New figures from the Central Statistics Office show that industrial manufacturing production rose by 8.1% in April compared to March.
On an annual basis, production increased by 4.7%.
The CSO said that the "modern sector" - which includes chemicals, pharmaceuticals, computers and electronic equipment - showed a monthly jump of 16.8% in April and an annual increase of 6.7%.
It noted that basic pharmaceutical products and preparations rose by by 31.7% in the month and 3.8% on a yearly basis.
Meanwhile, computer, electronic and optical products increased by 10.3% monthly and increased by 54.2% year on year.
Today's figures also show a monthly increase of 1.8% in the "Traditional" Sector for April and an annual decrease of 0.6% compared with April 2015.
This came on the back of currency movements ahead of the Brexit referendum in the UK - one of the country's main trading partners.
Commenting on today's figures, Merrion economist Alan McQuaid said there had been worries about the drop in sterling against the euro this year and its potential negative impact on manufacturing exports, of which just under a half go to the UK.

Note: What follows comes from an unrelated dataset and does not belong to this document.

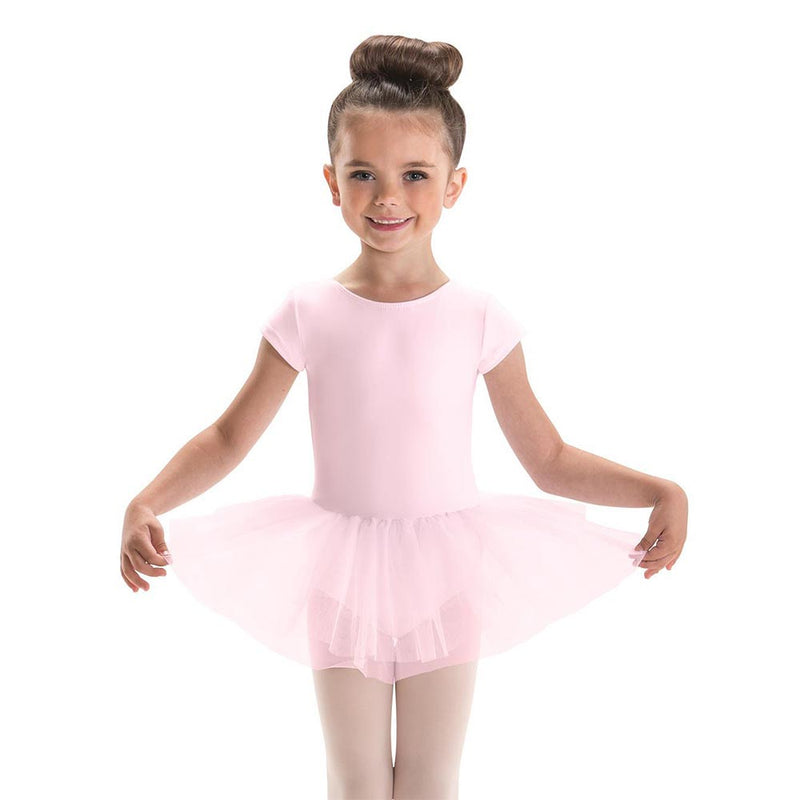 Motionwear 4099-B Cap Sleeve Dance Dress - KIDS By Motionwear Inc. Canada -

"Indeed, if "Brexit" were to happen, then the biggest losers would be the indigenous side, though we expect Britain to vote in the June 23 referendum to stay in the European Union", the economist stated.
He also said that while concerns remain about the underlying health of the global economy, particularly China, overall growth will hold up this year, particularly in the US and UK, which is good news for Ireland.
"Only a very small amount of total Irish exports go to China, and the Irish PMI data remain in positive territory despite hitting the lowest level in almost three years in May. But the numbers are a reminder that Ireland isn’t immune to a slowdown in the world economy," he added.